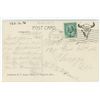 Image 2 : 1909 Post Card – “Regina Cowboy”.  Regina, Sask.  Posted
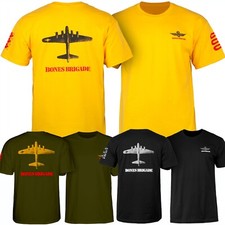 POWELL PERALTA - BONES BRIGADE Bomber -  Skateboard Tee Shirt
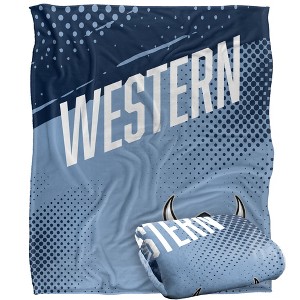 Western Washington University Fan Zone Silky Touch Super Soft Throw Blanket 50x60 - 1 of 4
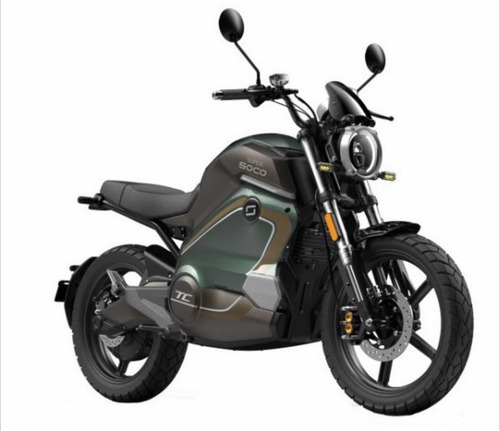 Imagen 11 de 15 de Moto Eléctrica Super Soco Tc Wanderer Concesionario Nordelta
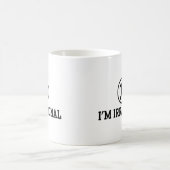 Funny Pi Kaffeetasse (Mittel)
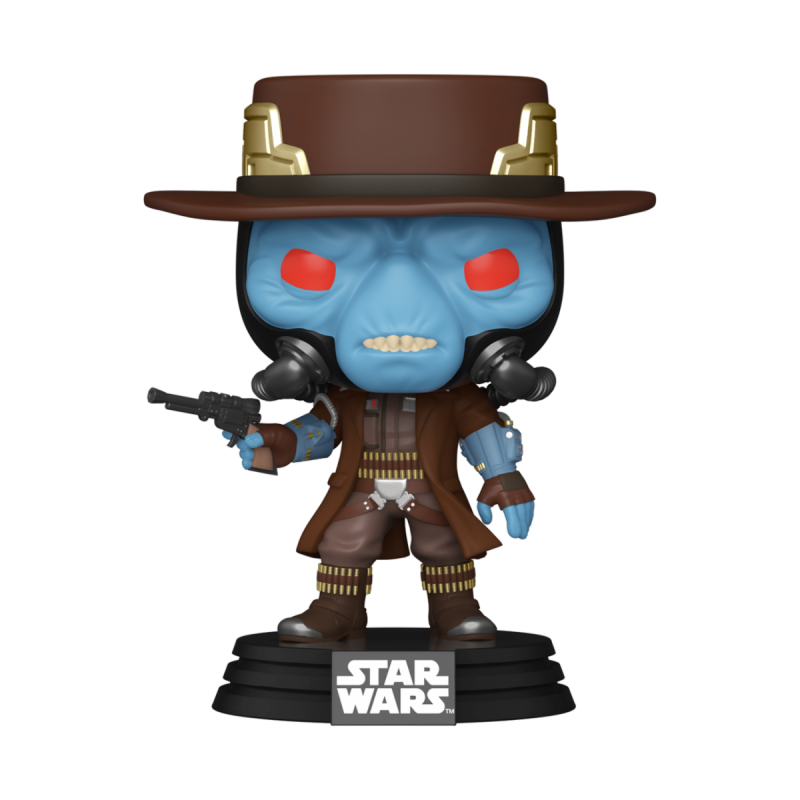 Figura FUNKO POP: STAR WARS - BOOK OF BOBA FETT - CAD BANE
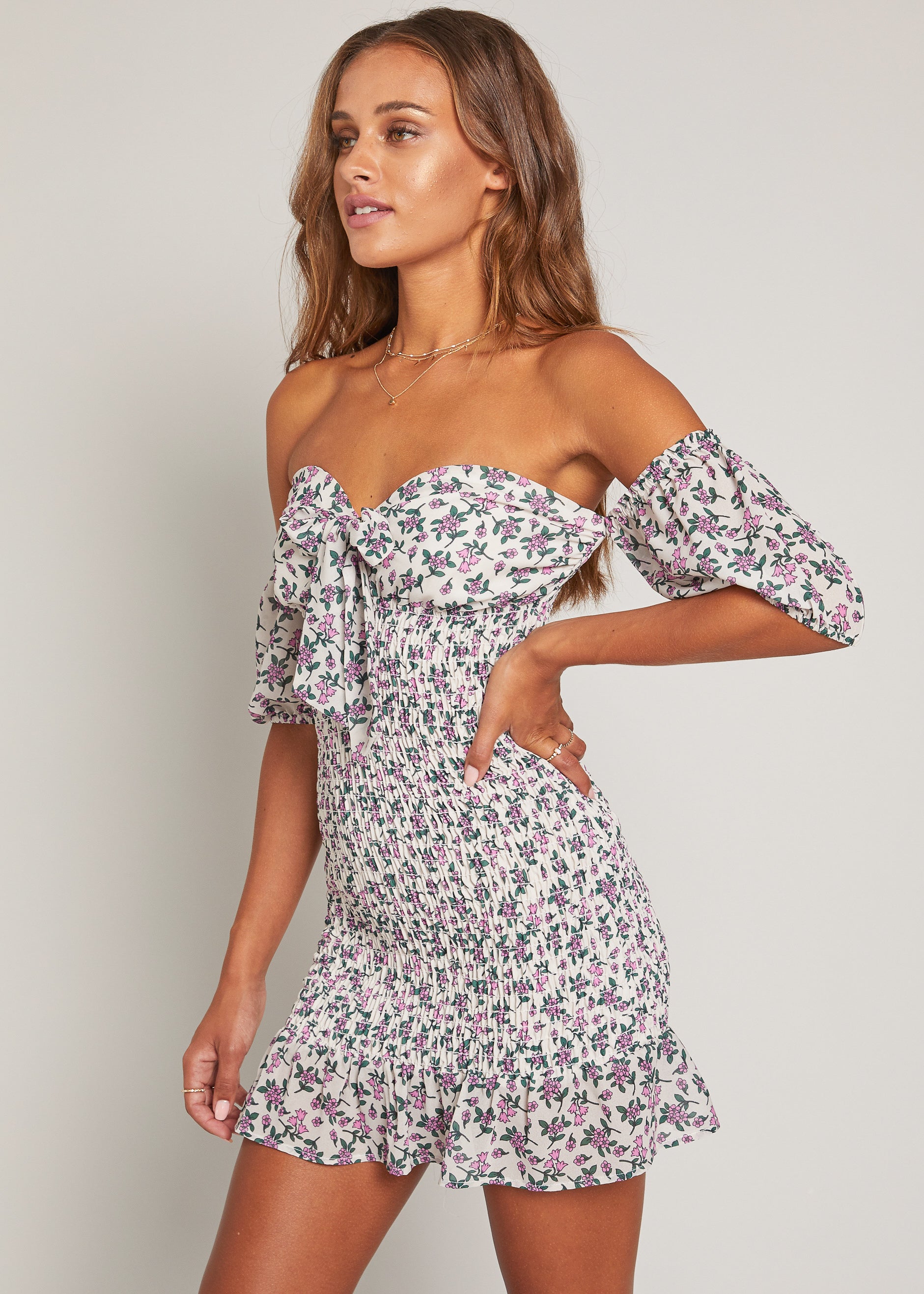 garden party midi dress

◆ ◆ ◆ ◆

- **WORK ORDER**: The listing above must be retyped word for word, without the pictures.

- **ANSWER FOR THE TASK**:
 Image 2 : 1909 Post Card – “Regina Cowboy”.  Regina, Sask.  Posted
 POWELL PERALTA - BONES BRIGADE Bomber -  Skateboard Tee Shirt
 Western Washington University Fan Zone Silky Touch Super Soft Throw Blanket 50x60 - 1 of 4
 Imagen 11 de 15 de Moto Eléctrica Super Soco Tc Wanderer Concesionario Nordelta
 Funny Pi Kaffeetasse (Mittel)
 Figura FUNKO POP: STAR WARS - BOOK OF BOBA FETT - CAD BANE
 garden party midi dress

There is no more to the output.